Answer by greenestamps(13200)  (Show Source):
You can put this solution on YOUR website!
The system has only three variables; the answer must be an ordered set of three numbers, not four.
Quick inspection shows that the first equation is three times the second. That means the first equation is superfluous; it also means the determinant will be zero.
You say you have "figured -1,2,0,0". I will guess that you got that using matrices. But what you show is only part of the story.
As pointed out earlier, what you really found was -1,2,0, since there are only three variables.

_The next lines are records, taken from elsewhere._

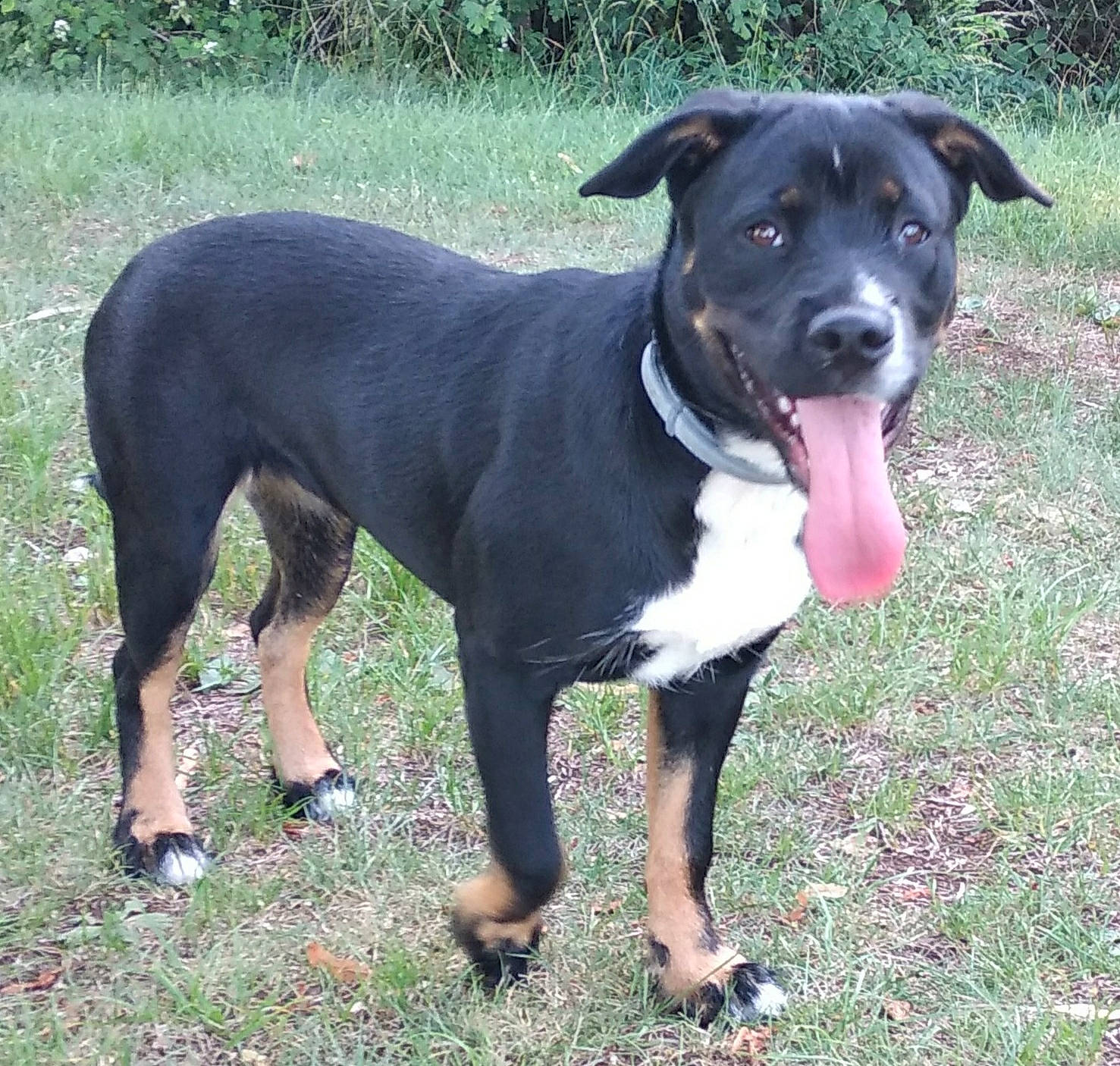 Thalya participe au concours pour gagner de l'argent avec cette photo : borador, canidae, carnivore, collar, companion_dog, dog, dog_breed, dog_collar, fawn, grass, hunting_dog, non_sporting_group, pet_supply, plant, tail, terrestrial_animal, whiskers, working_animal, working_dog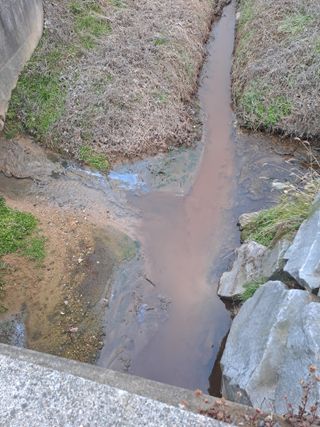 임호수님의 기타작물 · 영농일지 작성글 사진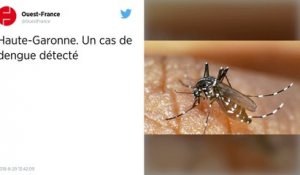 Haute-Garonne. Un cas de dengue détecté.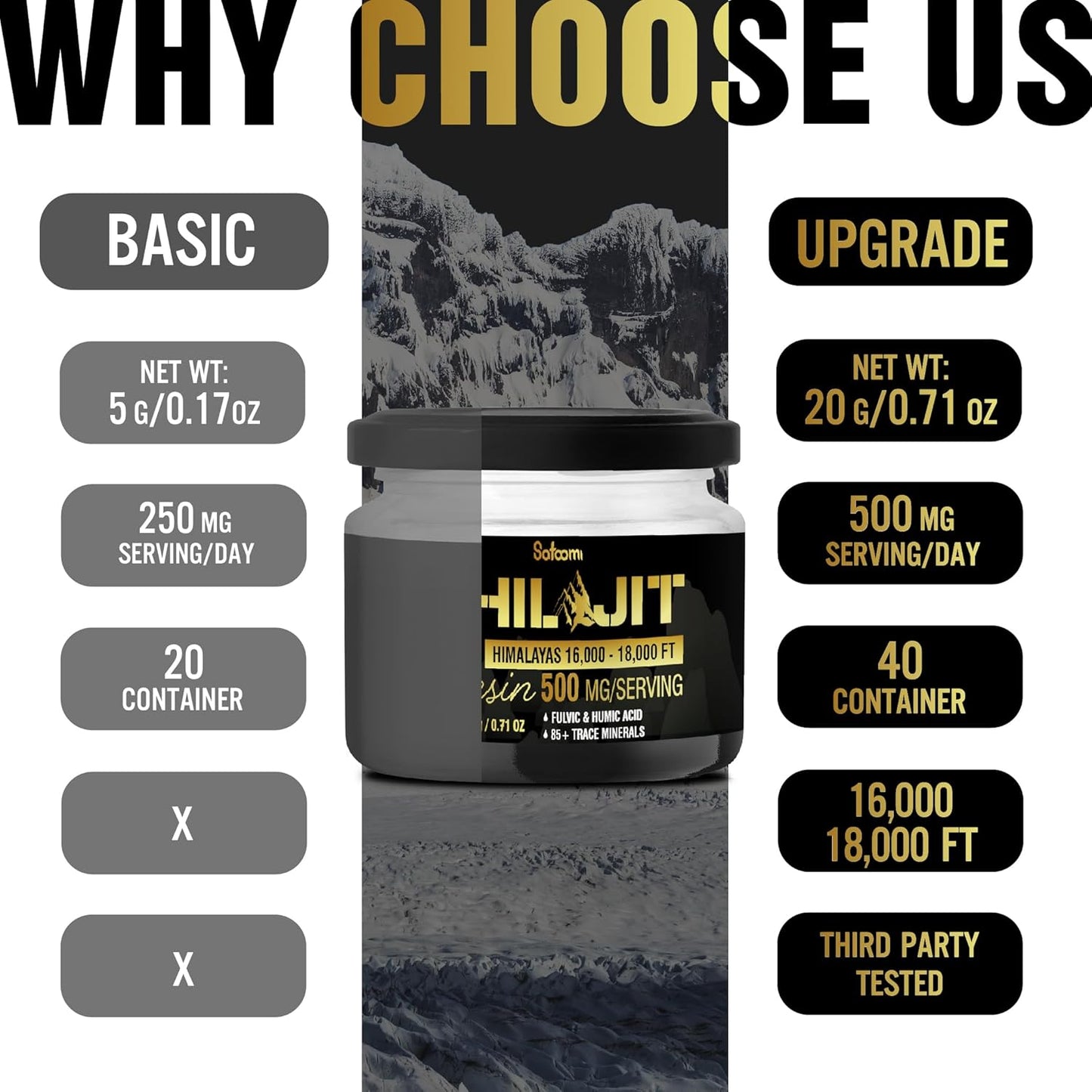 Organic Himalayan Shilajit with Fulvic Acid & 85+ Trace Minerals - Energy, Immune, Cognitive Support - 2 Packs 20g (80 Servings)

Using only the last three of the four equations, the matrix you end up with is
1 0 0 -1
0 1 4 2
0 0 0 0
The first row says
x = -1
The second row says
y+4z = 2
The third row says 0 = 0, which means the system is dependent, with an infinite family of solutions.
So solve the equation from the second row for one of the variables and use that to define the set of solutions using the parameter a.
y + 4z = 2
y = 2-4z
Then the solution set in parametric form is
x = -1
y = 2-4a
z = a
Answer by ikleyn(52800)  (Show Source):
You can put this solution on YOUR website! .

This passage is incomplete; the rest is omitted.